Member of Parliament for Huron South
- In office October 1932 – October 1935
- Preceded by: Thomas McMillan
- Succeeded by: riding dissolved

Member of Parliament for Huron—Perth
- In office October 1935 – December 1961
- Preceded by: riding created
- Succeeded by: Andrew Young McLean

Personal details
- Born: William Henry Golding 14 April 1878 Hibbert Township, Ontario, Canada
- Died: 31 December 1961 (aged 83)
- Party: Liberal
- Spouse(s): Alena Kenchen m. 28 January 1913
- Profession: machinist

= William Henry Golding =

Canadian politician

William Henry Golding (14 April 1878 - 31 December 1961) was a Liberal party member of the House of Commons of Canada. He was born in Hibbert Township, Ontario and became a machinist by career.

==Background==
In 1916, Golding became a municipal councillor in Seaforth, Ontario and continued in that role until he became the town's mayor in 1921. He remained mayor until 1929.
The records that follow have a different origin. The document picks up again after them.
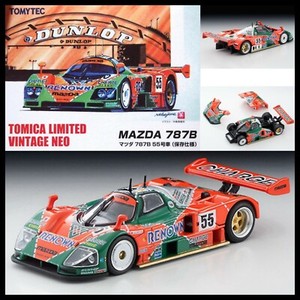TOMICA LIMITED Vintage NEO LV Mazda 787B #55 Preservation Specification TOMYTEC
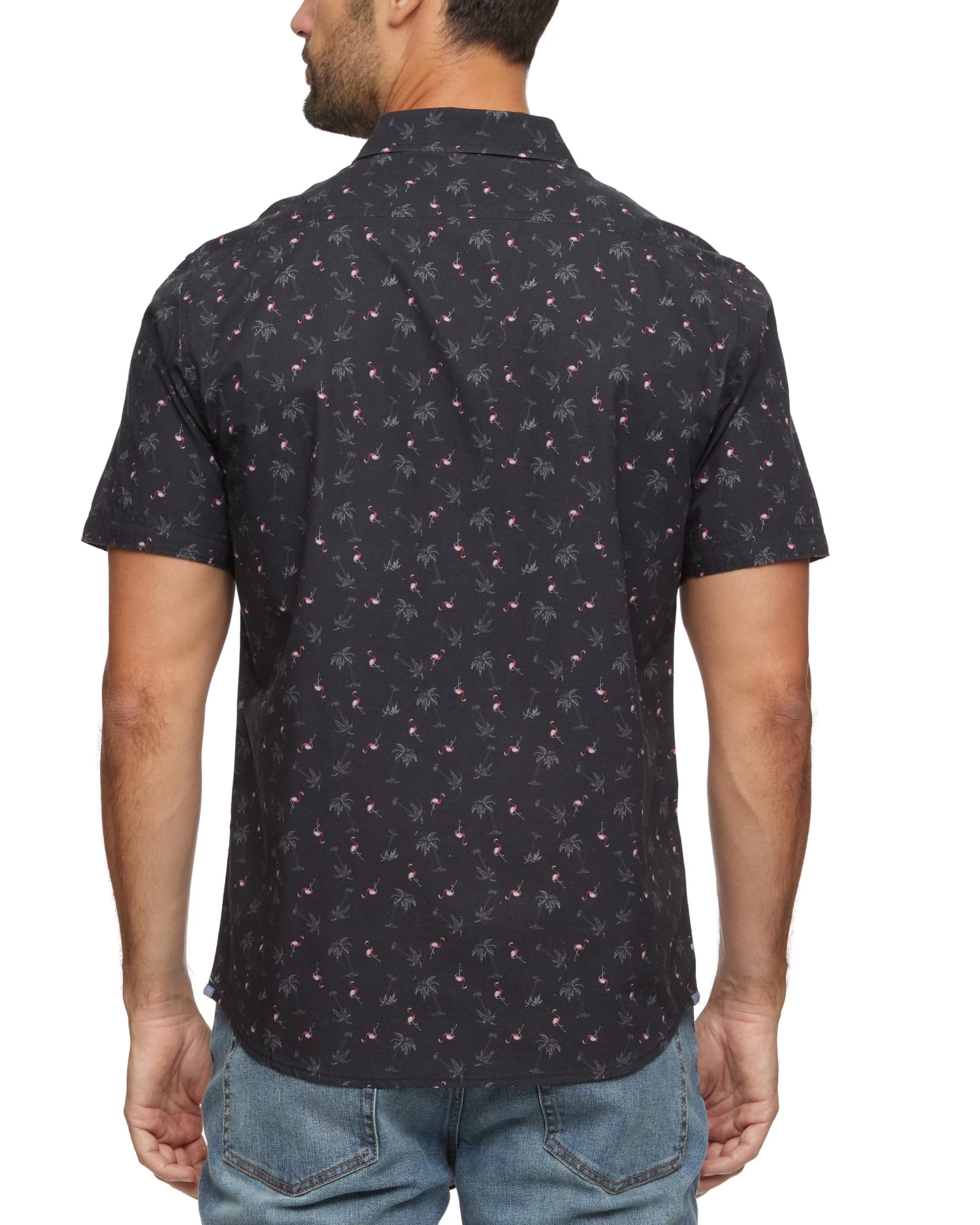 BARDWELL FLAMINGO PRINT SHIRT (FINAL SALE) 5 BARDWELL FLAMINGO PRINT SHIRT (FINAL SALE) - Image 3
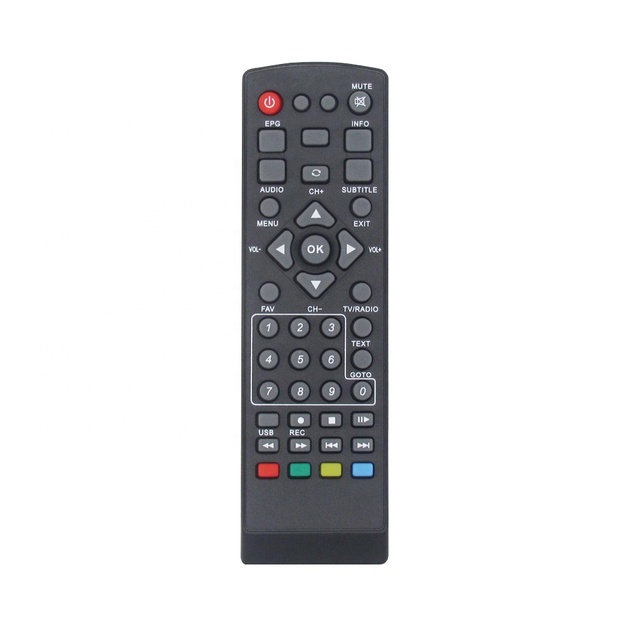 IR Remote Control for DVB-T2 Satellite SAT SET TOP BOX IPTV STB DVB TV Receiver K3 M2 K2 8902 Controller DVBT2 DVB T2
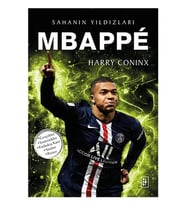 Sahanın Yıldızları - Mbappé - Harry Coninx - Parodi Yayınları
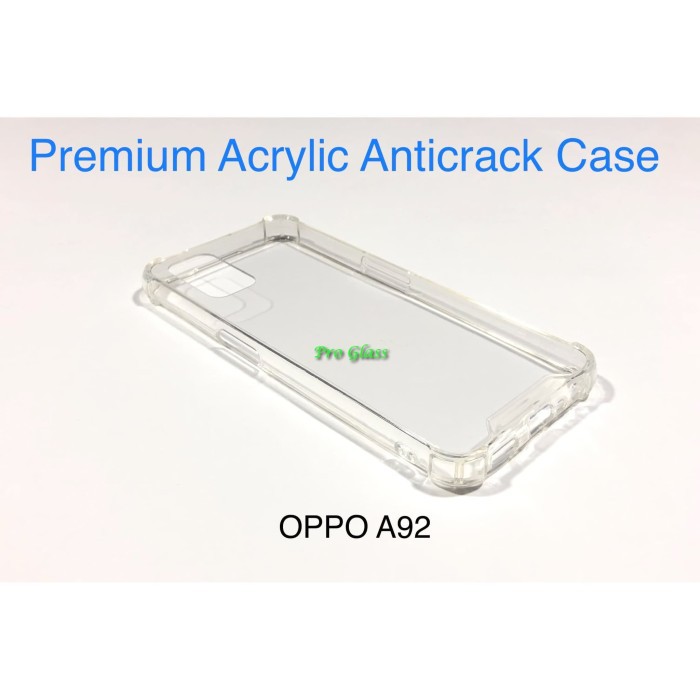 OPPO A92 Anticrack / Anti Crack / ACRYLIC Case Premium Quality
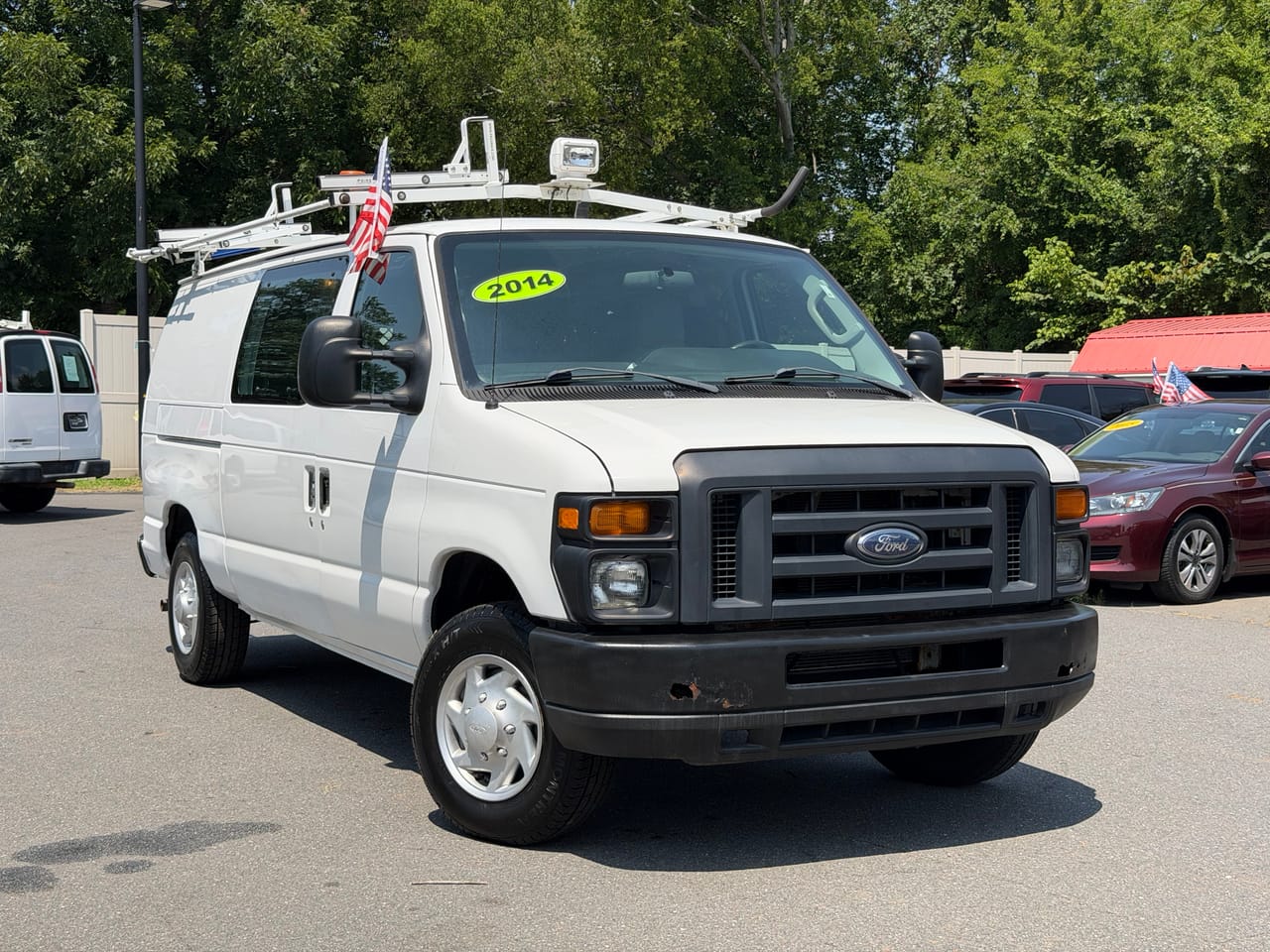 2014 FORD ECONOLINE - FORA14167 — photo 1 of 21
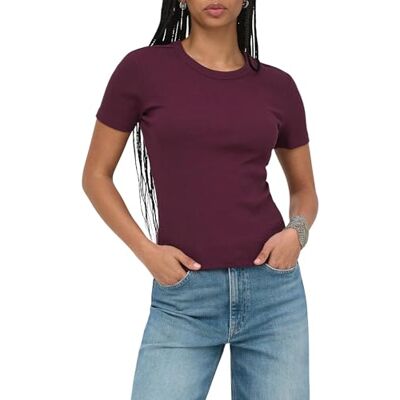 ONLY Dames Onlval S/S O-Neck Top JRS Onlval S/S O-hals Top JRS (1 stuk) ONLY Dames Onlval S/S O-Neck Top JRS Onlval S/S O-hals Top JRS (1 stuk)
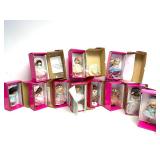Brand New in Box MARIE OSMOND Fine Collectible Dolls - 11 months of a year set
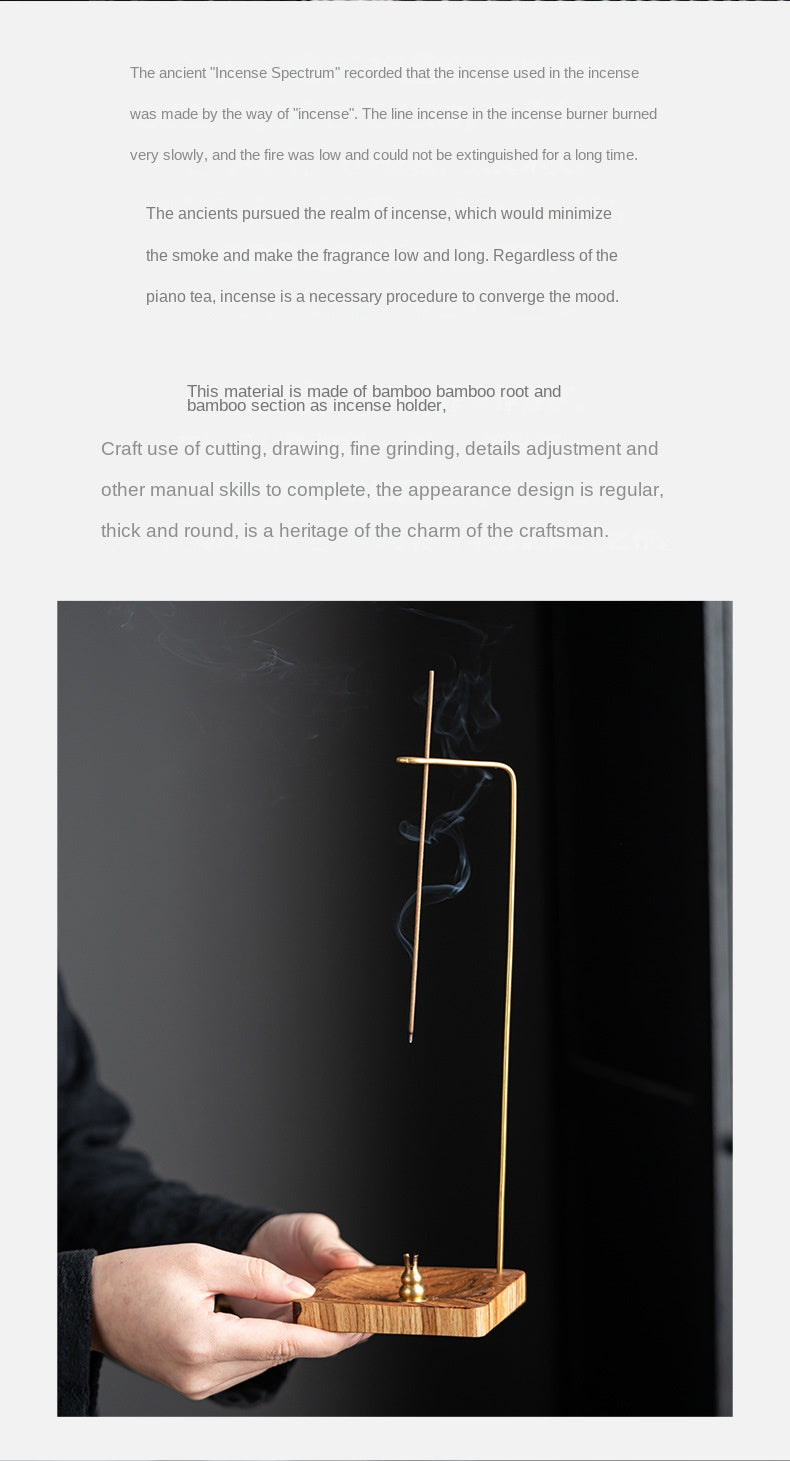 Joss-Stick Base Incense Holder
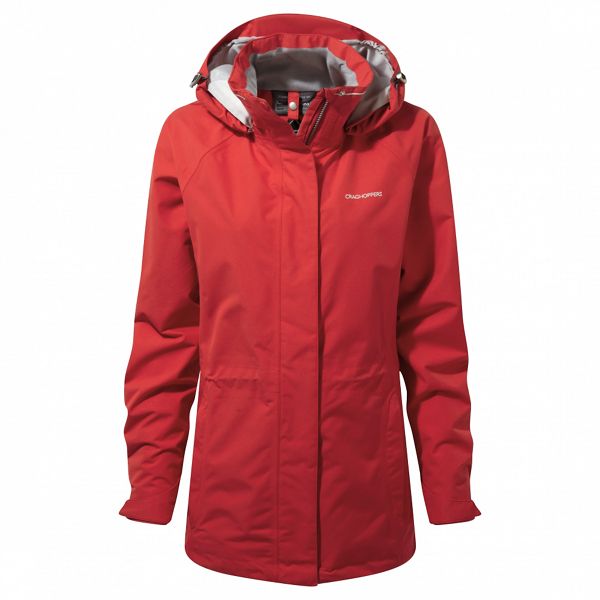 Craghoppers Coats & Jackets - Fiesta red Marissa gore-tex interactive jacket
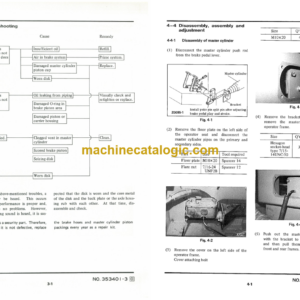 Furukawa FL150 Wheel Loader Shop Manual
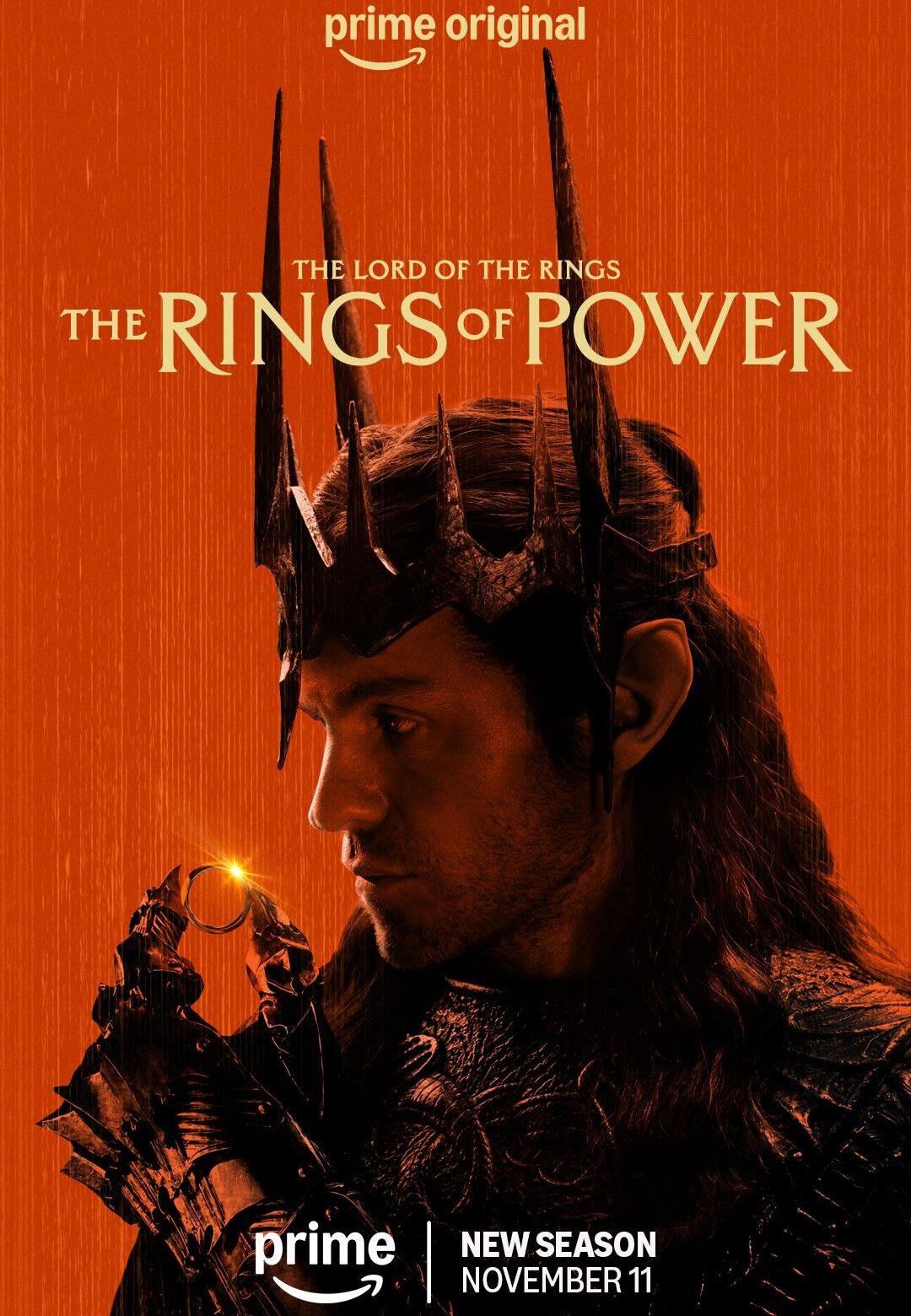 The Lord of the Rings: The Rings of Power promotional artwork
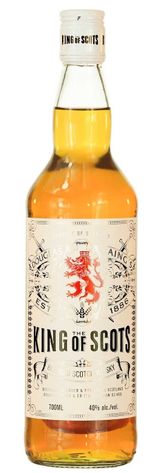 Viskis King of Scots Blended Scotch 0,7 L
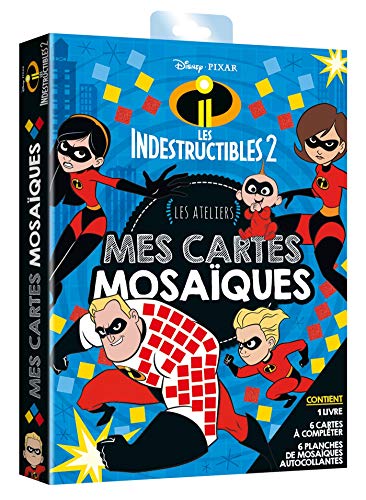 LES INDESTRUCTIBLES 2 - Ateliers Disney -Mes cartes mosaïques by 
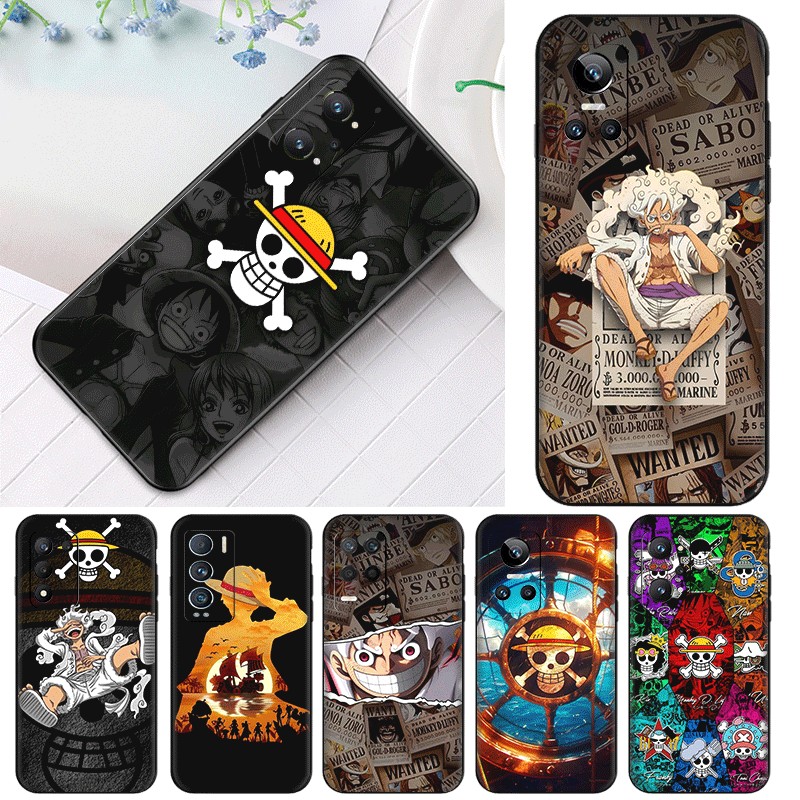 One piece Luffy สําหรับ Realme Narzo 50a GT neo 3 GT2 pro X Lite เคสโทรศัพท์ TPU ฝาครอบป้องกันแบบนุ่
He was first elected to Parliament at the Huron South riding in a by-election on 3 October 1932, then re-elected there in the 1935 federal election. With electoral district changes, he was re-elected at Huron—Perth in 1940 and 1945. He left the House of Commons in June 1949 when he was appointed to the Senate. He remained a senator until his death on 31 December 1961.